▶ [INFORMATION PROVIDED]:
────────────────────────────────────────
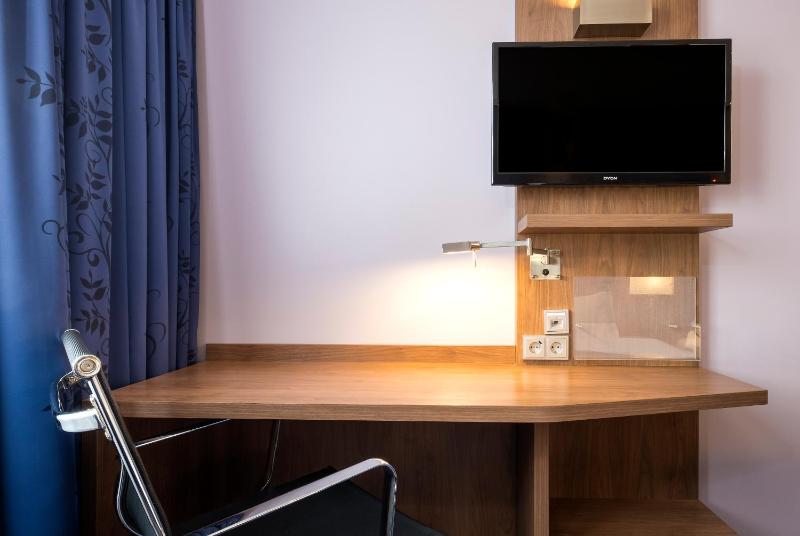 Standard Room image 3
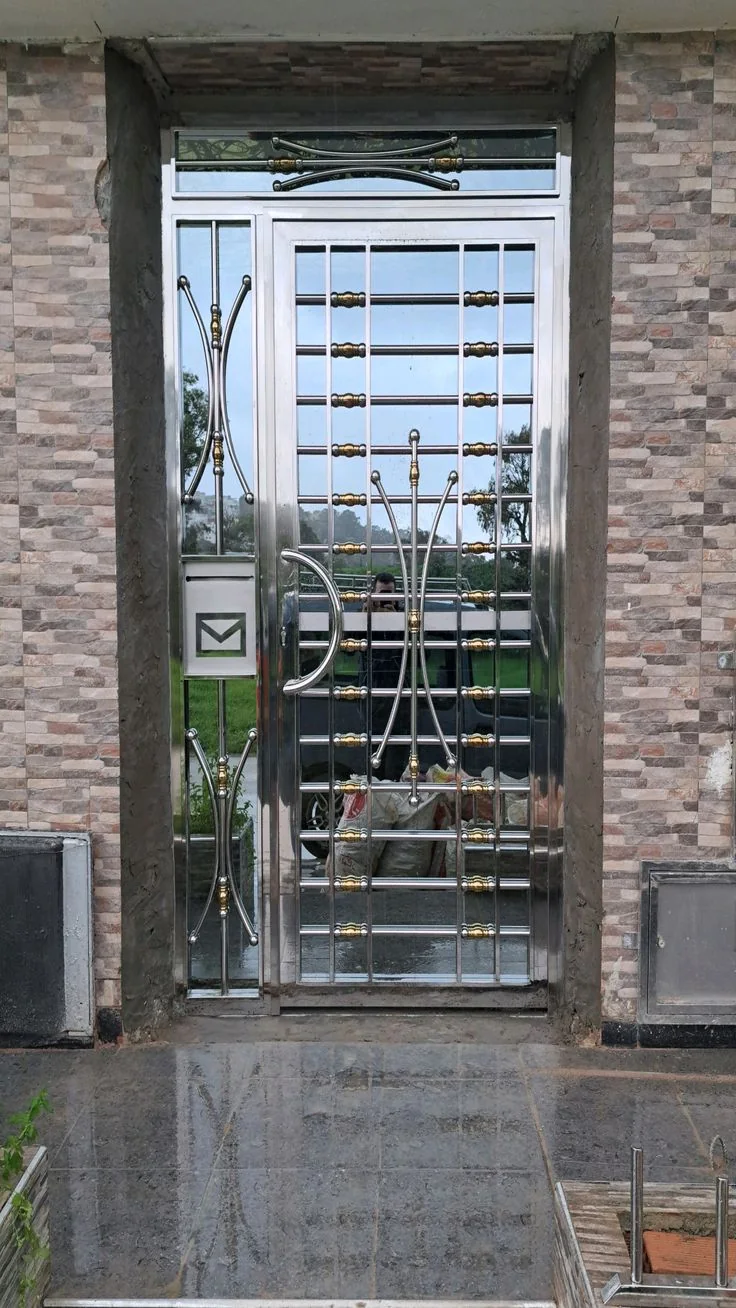 Puertas de acero - DEIBI ARIAAN COMPANY SAC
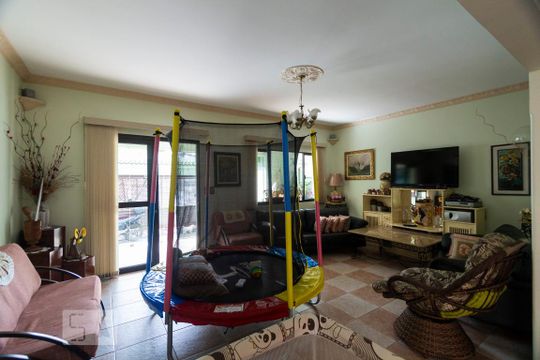 Sala de estar de casa para alugar com 3 quartos, 400m² em Mirandópolis, São Paulo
────────────────────────────────────────
▶ [WHAT IS BEING ASKED]: Retype all of the material above exactly; the pictures stay out.

▶ [WRITTEN ANSWER]:
 Standard Room image 3
 Puertas de acero - DEIBI ARIAAN COMPANY SAC
 Sala de estar de casa para alugar com 3 quartos, 400m² em Mirandópolis, São Paulo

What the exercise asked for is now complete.